TÜİK’in açıkladığı işgücü verilerine göre ülke genelinde 15 ve daha yukarı yaştaki kişilerde işsiz sayısı ağustosta bir önceki aya göre 11 bin kişi artarak 3 milyon 965 bin kişi oldu. İşsizlik oranı ise değişim göstermeyerek yüzde 12,1 seviyesinde gerçekleşti. Aynı dönemde istihdam edilenlerin sayısı 14 bin kişi azalarak 28 milyon 706 bin kişiye düştü. İşgücüne dahil edilen her 100 kişiden 45’i istihdama katıldı.

Ancak bir önceki aya göre yaşanan dalgalanmalar açıklamayı zorlaştırıyor. Temmuz 2021’de istihdam edilenlerin sayısı bir önceki aya göre toplam olarak 125 bin kişi artmıştı. Temmuz ayında istihdam edilenlerin sayısı bir önceki aya göre tarım sektöründe 17 bin kişi, hizmet sektöründe 454 bin kişi, artarken sanayi sektöründe 287 bin kişi, inşaat sektöründe 60 bin kişi azalmıştı.

DİSK-Ar’a göre Temmuz 2021’de 506 bin artan işsiz sayısının Ağustos 2021’de sadece 11 bin artması, Temmuz 2021’de 287 bin azalan sanayi istihdamının Ağustos 2021’de 217 bin artması, Temmuz 2021’de 454 bin artan hizmet sektörü istihdamının Ağustos 2021’de 341 bin azalması izahı zor bir dalgalanma.
TÜİK verilerine göre son 4 hafta içerisinde aktif bir şekilde iş arayan ve iş arama kanallarına başvuranlar işsiz olarak kabul ediliyor. En yaygın iş arama kanalı ise İŞKUR. Ancak İŞKUR kanalını kullanan yaklaşık 200 bin işsizin 189 bini TÜİK verilerine yansımadı.

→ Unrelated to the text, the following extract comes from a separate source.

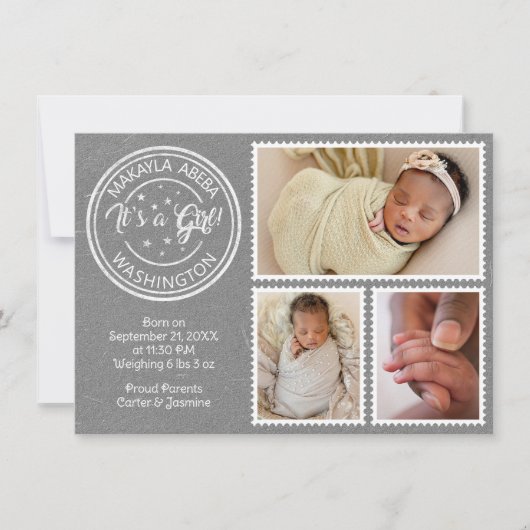 男の子だ!切手 案内状 (正面)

İŞKUR’a göre Ağustos 2021’de kayıtlı işsiz sayısı 199 bin 385 bin kişi artarken TÜİK’e göre sadece 11 bin arttı. DİSK-Ar’ın hesaplamasına göre İŞKUR ve TÜİK verileri arasındaki bir aylık fark 188 bin 385 kişi olarak gerçekleşti.

NEDENSELLİK KOPTU

Prof. Dr. Veysel Ulusoy’a göre ekonomik veriler arasındaki nedensellik ilişkisi koptu. TÜİK’in açıkladığı veriler ile diğer kurumların açıkladığı veriler birbiriyle uyumlu değil. BirGün’e değerlendirmelerde bulunan Ulusoy, “Türkiye ikinci çeyrekte 22,9 büyüdüyse nerede istihdam artışı? İşsizlik oranı bir önceki aya göre aynı kaldı. O zaman nasıl büyüdü? Hükümet ekonomik büyüme ve istihdam arasındaki çelişkiyi açıklamak zorunda” ifadelerini kullandı.

KADIN İŞSİZLİĞİ ZİRVEDE

TÜİK verilerine göre en büyük istihdam kaybı 341 bin kişi ile hizmet sektöründe meydana geldi. Bir ayda hizmet sektöründe çalışan 270 bin kadın işsizler ordusuna katıldı. Başka bir ifadeyle hizmet sektöründe yaşanan iş kaybının yüzde 79’unu kadınlar oluşturdu. TÜİK’in ağustos verilerine göre işsizlik türlerinin en yüksek olduğu kategori yüzde 29,3 ile geniş tanımlı kadın işsizliği oldu. Yüzde 28,9 olan 15-24 yaş arasındaki genç kadın işsizliği ise ikinci sırada yer aldı.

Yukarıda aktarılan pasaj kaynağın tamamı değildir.